» Exercise inputs
────────

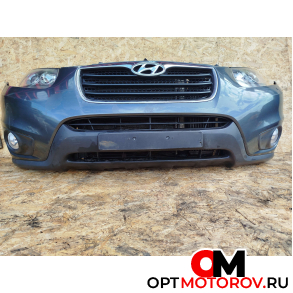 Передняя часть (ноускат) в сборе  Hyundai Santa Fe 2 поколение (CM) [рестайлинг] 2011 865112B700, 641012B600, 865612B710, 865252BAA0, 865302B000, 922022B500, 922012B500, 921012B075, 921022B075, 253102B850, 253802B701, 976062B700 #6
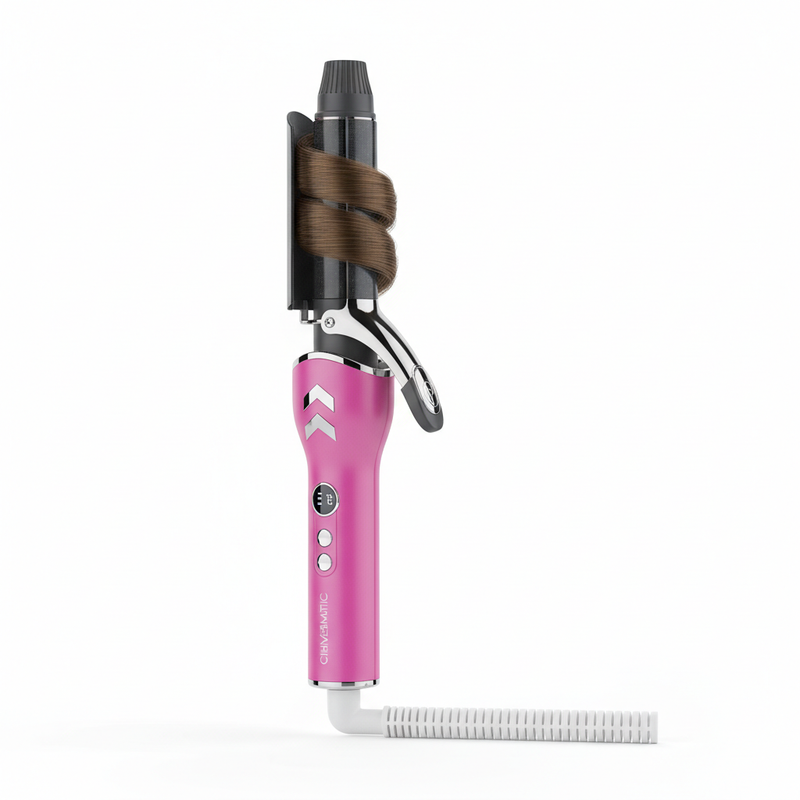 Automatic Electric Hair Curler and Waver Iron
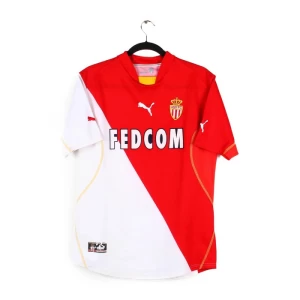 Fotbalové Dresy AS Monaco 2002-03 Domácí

────────

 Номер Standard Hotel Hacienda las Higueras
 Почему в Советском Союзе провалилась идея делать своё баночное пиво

────────

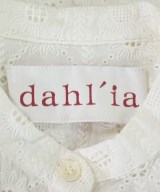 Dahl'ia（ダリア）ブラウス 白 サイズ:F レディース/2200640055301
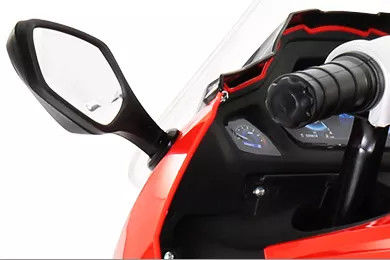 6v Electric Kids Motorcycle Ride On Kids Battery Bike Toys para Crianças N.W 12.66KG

────────

Copy needed, without pictures: the lines of the listing above from the line containing "Передняя часть (ноускат)" up to and including the line containing "Fotbalové Dresy AS Monaco 2002-03 Domácí", set down exactly.

 Передняя часть (ноускат) в сборе  Hyundai Santa Fe 2 поколение (CM) [рестайлинг] 2011 865112B700, 641012B600, 865612B710, 865252BAA0, 865302B000, 922022B500, 922012B500, 921012B075, 921022B075, 253102B850, 253802B701, 976062B700 #6
 Automatic Electric Hair Curler and Waver Iron
 Fotbalové Dresy AS Monaco 2002-03 Domácí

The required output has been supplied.